Uma seca terrível no ano 2000 deixou grande parte da população do Malauí em situação desesperadora. Com as colheitas reduzidas drasticamente, as pessoas começaram a passar fome. "Meus familiares e vizinhos foram forçados a cavar o chão pra achar raízes, cascas de banana ou qualquer outra coisa pra forrar o estômago", diz Kamkwamba. A miséria o impediu de continuar na escola, que exigia a taxa anual de US$ 80. Se seguisse a lógica que vitima muitos rapazes na mesma situação, o destino dele estava definido: "Se você não está na escola, vai virar um fazendeiro. E um fazendeiro não controla a própria vida; ele depende do sol e da chuva, do preço da semente e do fertilizante", diz Kamkwamba.

Para escapar dessa sentença, começou a frequentar uma biblioteca comunitária a 2 km de sua casa. No meio de três estantes com livros doados pelo Reino Unido, EUA, Zâmbia e Zimbábue, Kamkwamba encontrou obras de ciências. Em particular, duas de física. A primeira explicava como funcionam motores e geradores. "Eu não entendia inglês muito bem, então associava palavras e imagens e aprendi física básica." O outro livro se chamava Usando Energia, tinha moinhos na capa e afirmava que eles podiam bombear água e gerar eletricidade. "Bombear um poço significava irrigar, e meu pai podia ter duas colheitas por ano. Nunca mais passaríamos fome! Então decidi construir um daqueles moinhos."

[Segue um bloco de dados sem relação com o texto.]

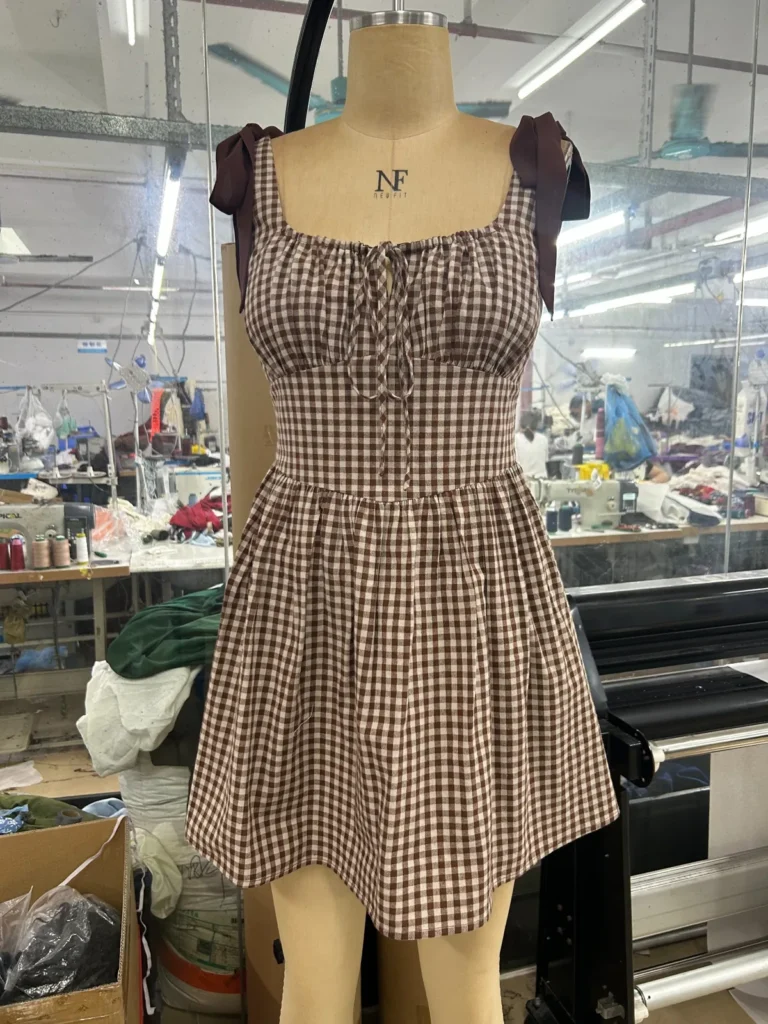 Brown gingham sleeveless mini dress with a fitted bodice and flared skirt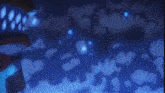 a close up of a blue glowing object with a black background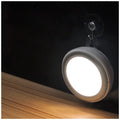 Round white motion sensor LED light unit with PIR sensor and LED array.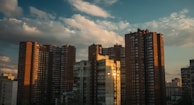 Tall residential buildings made of brick and concrete set against a backdrop of a partly cloudy blue sky. The sunlight reflects warmly off the surfaces of the buildings, casting shadows and highlighting textures.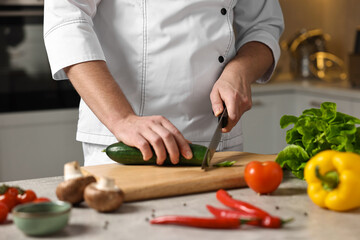 Professional chef cutting zucchini at table in kitchen, closeup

Você está fumando muita maconha. Tá ficando maluco." Era isso que Kamkwamba ouvia enquanto carregava sucata e canos para seu projeto. "Não consegui encontrar todas as peças para uma bomba d'água, então passei a produzir um moinho que gerasse eletricidade." Seu primo Geoffrey e seu amigo Gilbert o ajudaram, e após dois meses as pás giravam. O gerador era um dínamo de bicicleta que produzia 12 volts, suficientes para acender uma lâmpada. As pessoas próximas a ele só acreditaram em sua conquista quando ele ligou um rádio, que na hora tocou reggae nacional. "Fiquei muito feliz. Finalmente as pessoas reconheceram que eu não estava louco."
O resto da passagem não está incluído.